### [ASSIGNMENT]
Beginning with the line containing "Dior Men’s Toiletry" and going on through the line containing "Barbour Green Corduroy-Collar Coat for men", the lines below are to be returned exactly, pictures excluded and nothing added.

### [INPUT DATA]
BEGIN
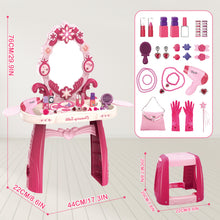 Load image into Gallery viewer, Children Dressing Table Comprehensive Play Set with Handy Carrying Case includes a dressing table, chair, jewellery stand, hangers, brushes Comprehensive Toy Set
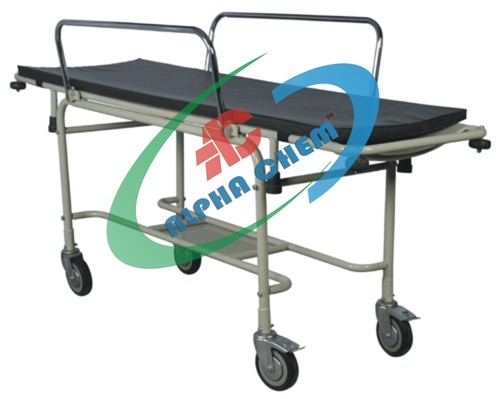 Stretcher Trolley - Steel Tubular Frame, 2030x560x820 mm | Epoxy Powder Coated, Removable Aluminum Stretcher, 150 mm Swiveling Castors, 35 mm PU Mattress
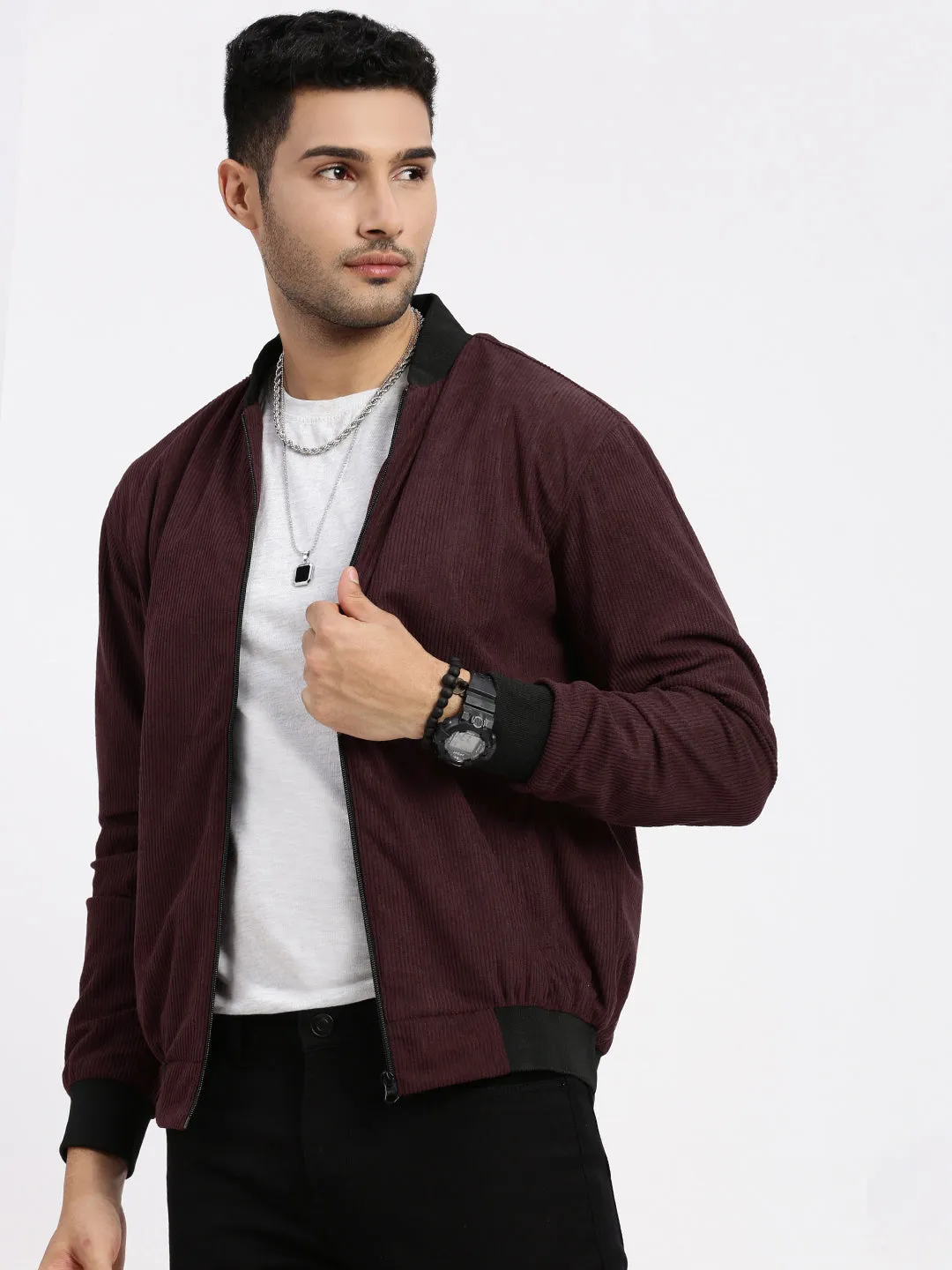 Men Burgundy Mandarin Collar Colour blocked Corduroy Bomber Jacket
END
BEGIN
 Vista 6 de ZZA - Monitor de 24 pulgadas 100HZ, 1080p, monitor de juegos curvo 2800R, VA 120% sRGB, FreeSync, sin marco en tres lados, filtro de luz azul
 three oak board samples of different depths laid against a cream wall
END
BEGIN
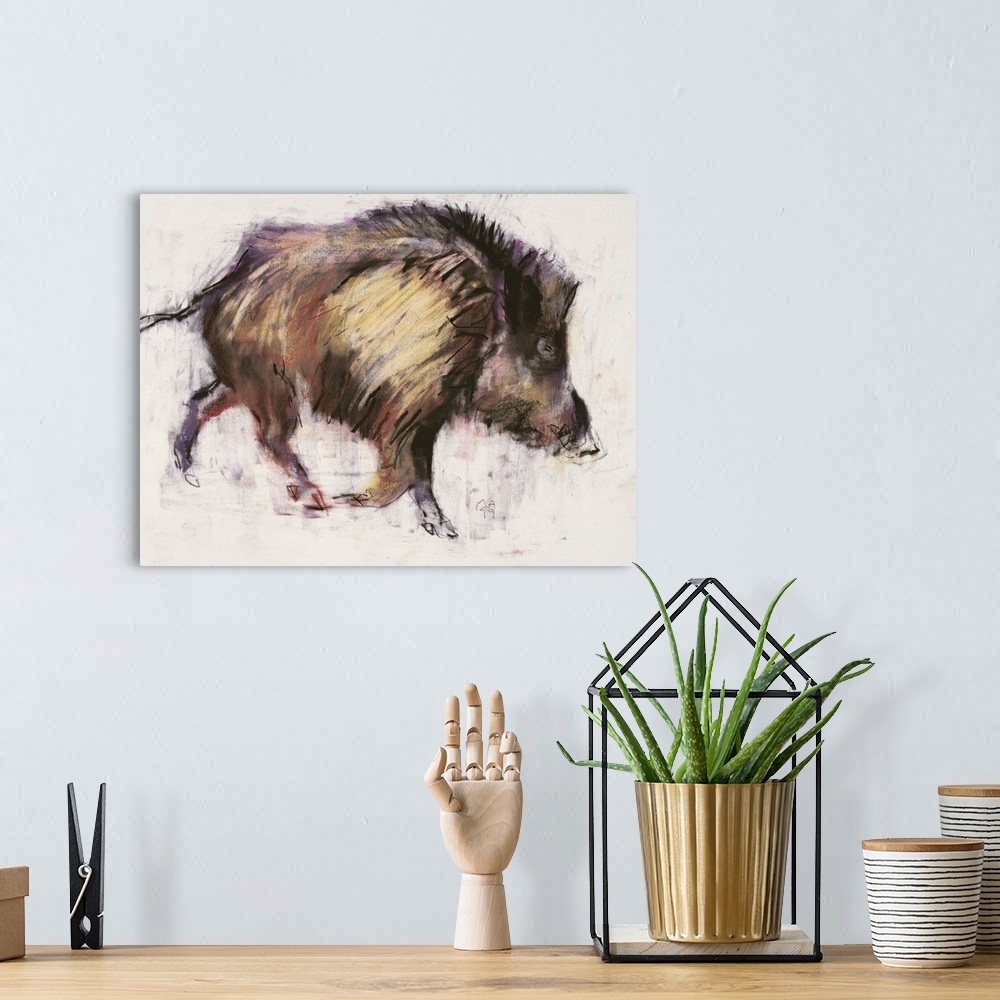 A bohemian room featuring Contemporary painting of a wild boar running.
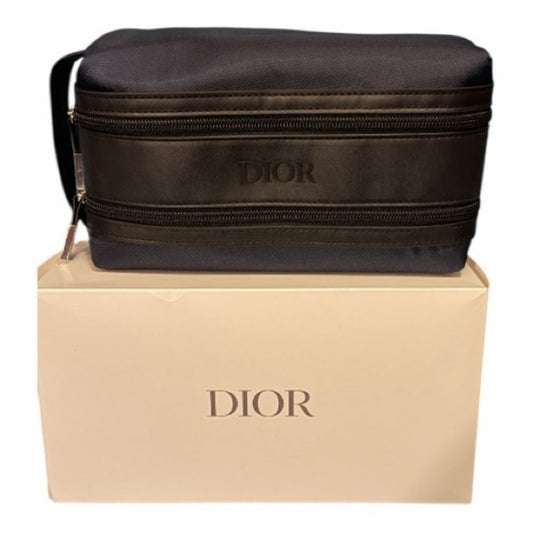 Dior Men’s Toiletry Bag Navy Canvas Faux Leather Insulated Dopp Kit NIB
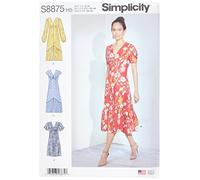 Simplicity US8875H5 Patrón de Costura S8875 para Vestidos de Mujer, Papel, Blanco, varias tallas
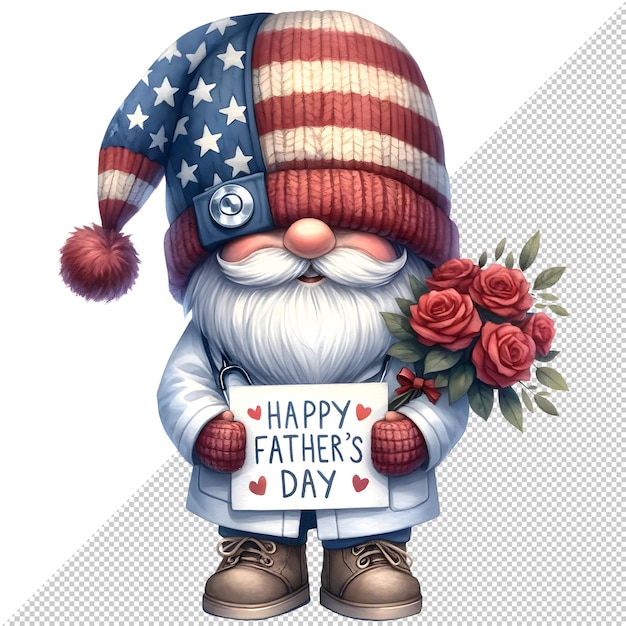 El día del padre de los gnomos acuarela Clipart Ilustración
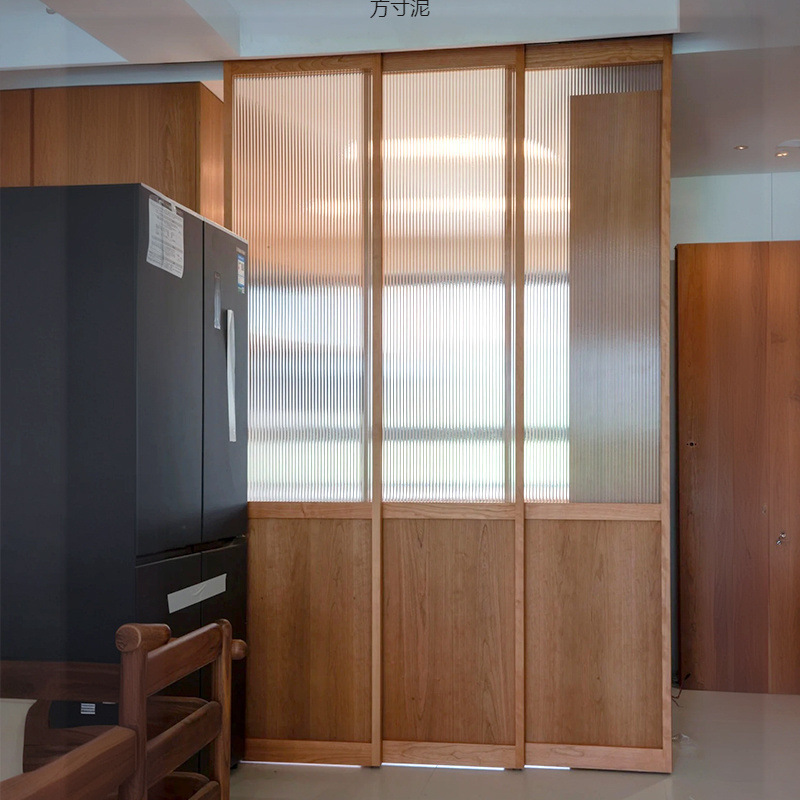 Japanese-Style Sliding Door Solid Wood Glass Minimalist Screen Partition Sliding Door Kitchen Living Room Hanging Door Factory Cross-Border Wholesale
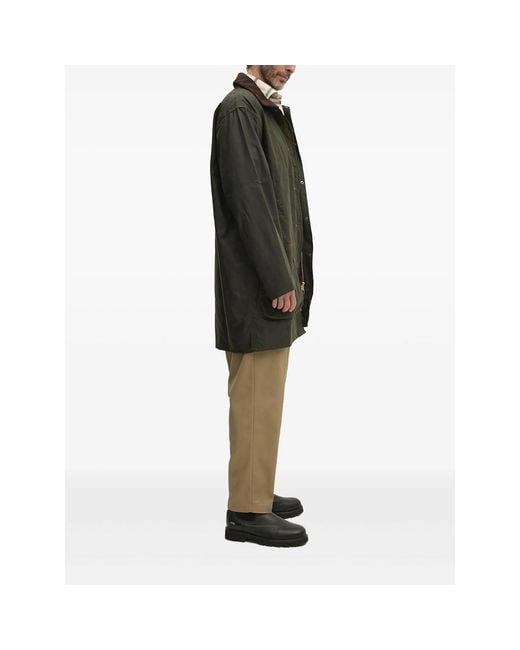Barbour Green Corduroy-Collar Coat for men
END
### [TASK ANSWER]
 Dior Men’s Toiletry Bag Navy Canvas Faux Leather Insulated Dopp Kit NIB
 Simplicity US8875H5 Patrón de Costura S8875 para Vestidos de Mujer, Papel, Blanco, varias tallas
 El día del padre de los gnomos acuarela Clipart Ilustración
 Japanese-Style Sliding Door Solid Wood Glass Minimalist Screen Partition Sliding Door Kitchen Living Room Hanging Door Factory Cross-Border Wholesale
Barbour Green Corduroy-Collar Coat for men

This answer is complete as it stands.